___ Provided information

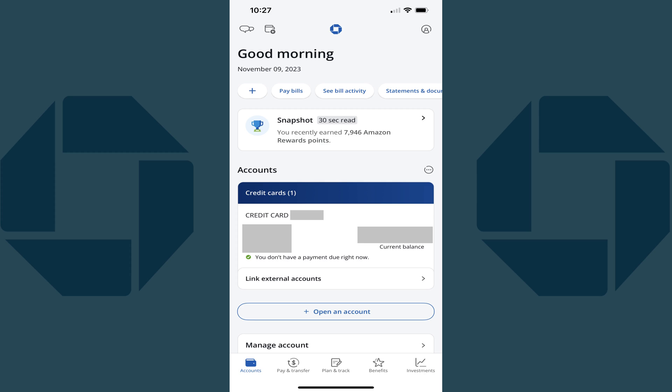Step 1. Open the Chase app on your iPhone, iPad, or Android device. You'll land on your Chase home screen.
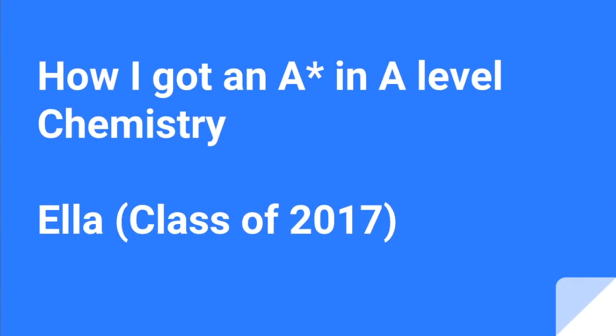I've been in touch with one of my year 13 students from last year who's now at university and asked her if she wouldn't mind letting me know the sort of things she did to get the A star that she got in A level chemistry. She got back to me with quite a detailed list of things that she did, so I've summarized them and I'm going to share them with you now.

______
___ Provided information

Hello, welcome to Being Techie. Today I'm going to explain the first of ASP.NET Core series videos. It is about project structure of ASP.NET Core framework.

______
___ Provided information

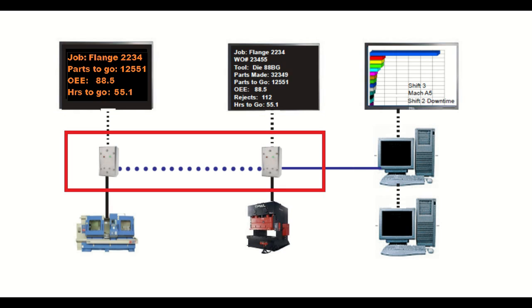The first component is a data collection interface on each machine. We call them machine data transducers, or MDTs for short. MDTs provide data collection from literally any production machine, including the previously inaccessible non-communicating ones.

______

▸ Task instructions
Pictures in the entries do not go into the copy. Print only the lines starting at the one containing "Step 1. Open" and ending at the one containing "I've been in", exactly as they appear.

▸ Your solution
Step 1. Open the Chase app on your iPhone, iPad, or Android device. You'll land on your Chase home screen.
I've been in touch with one of my year 13 students from last year who's now at university and asked her if she wouldn't mind letting me know the sort of things she did to get the A star that she got in A level chemistry. She got back to me with quite a detailed list of things that she did, so I've summarized them and I'm going to share them with you now.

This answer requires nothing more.